Sana kırgınım, hayat,
Bir nefes huzur vermedin bana,
Sahipsiz bıraktın umutlarımı,
Ve en derin yaralarımı
Görmezden geldin,
Belki de senin için bu oyun,
Benim için ise yitik bir masal,
Ama bil ki,
Bu kırgınlık, bu yorgunluk,
Bir gün sessiz çığlığa dönüşecek,
Ve o gün,
Artık susturulamayacak.
Şimdi sadece biliyorum,
Üstesinden geldikçe daha ağır yükler bindi omuzlarıma,
Ama yine de ayaktayım,
Çünkü kırgınlıklarımda saklı bir güç var.

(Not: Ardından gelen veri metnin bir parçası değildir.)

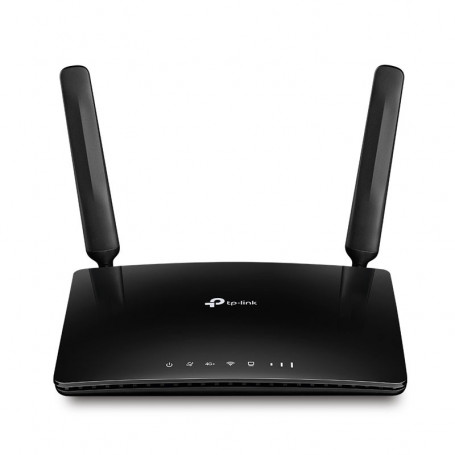 TL-MR600 Modem/Routeur 4G+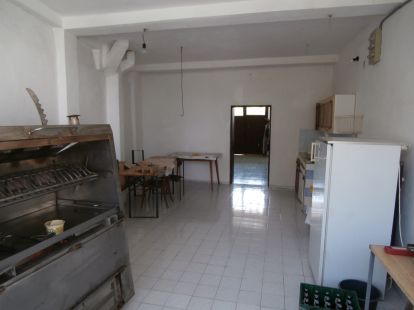 Hotel in Dobra Voda, Montenegro, 237m2 - kosten 180&nbsp;000€ - Ref: 11403 foto 15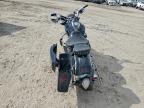 Lot #3304430592 2005 YAMAHA XV1700 A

Bazen gecenin karanlığında,
Sessizce ağlarım, kimse bilmez,
Kırgınlıklarımın altında ezilen,
Bir parça ben, kaybolmuş ben.
Yalnızlığımın içinde yankılanır,
Sessiz bir ağıt gibi içimde,
“Sana da kırgınım,” derim kendi kendime,
Çünkü bu hayat, en çok beni yordu.
Elimden kayan anılar,
Beni bırakıp giden düşler,
Ve her defasında yitip giden umutlar,
Hepsi bir bir sayılıyor içimde.
Ama pes etmek yok,
Çünkü hala bir yerlerde,
Yaşanacak güzel şeyler var,
Kırgınlığın altında saklı kalan umutlar.
Yine de,
Sana kırgınım hayat,
Çünkü her yüklediğin acıda,
Biraz daha kayboldum ben.
Gözlerimde biriken yaşlar,
Söyleyemediklerimin sessiz çığlığı,
Her düşüşümde, yeniden kalkarken,
Yaralarım kabuk bağlamadan kanıyor.
Sana kırgınım hayat,
Çünkü bekledim bir dokunuş,
Bir anlayış, bir nefes,
Ama hep boşlukla doldu ellerim.
Öğrendim sabretmeyi,
Ama sabır dediğin,
Yaraları sarmaktan çok,
Sessizce kanatmakmış meğer.
Yine de,
Kırgınlığımın içinde saklı kalan,
Bir güç var,
Yeniden doğmak isteyen,
Yükselen bir ben.
Ve belki de,
Bu kırgınlıklar,
Beni ben yapan,
Kırk yıllık bir dost gibi.
Ve şimdi,
Kırgınlığın en derininde duruyorum,
Yorulmuş, bitkin, ama dimdik ayakta,
Çünkü her yara, her acı,
Beni yok etmedi,
Sadece daha güçlendirdi.
Sana kırgınım hayat,
Ama vazgeçmedim senden,
Çünkü biliyorum,
Karanlığın ardından mutlaka
Bir ışık doğacak yeniden.
Yorgun ellerimle tutuyorum umutlarımı,
Ve sessizce fısıldıyorum kendime:
“Her kırgınlık, bir başlangıçtır aslında,
Ve ben,
Yeniden yürümek için güç bulacağım.”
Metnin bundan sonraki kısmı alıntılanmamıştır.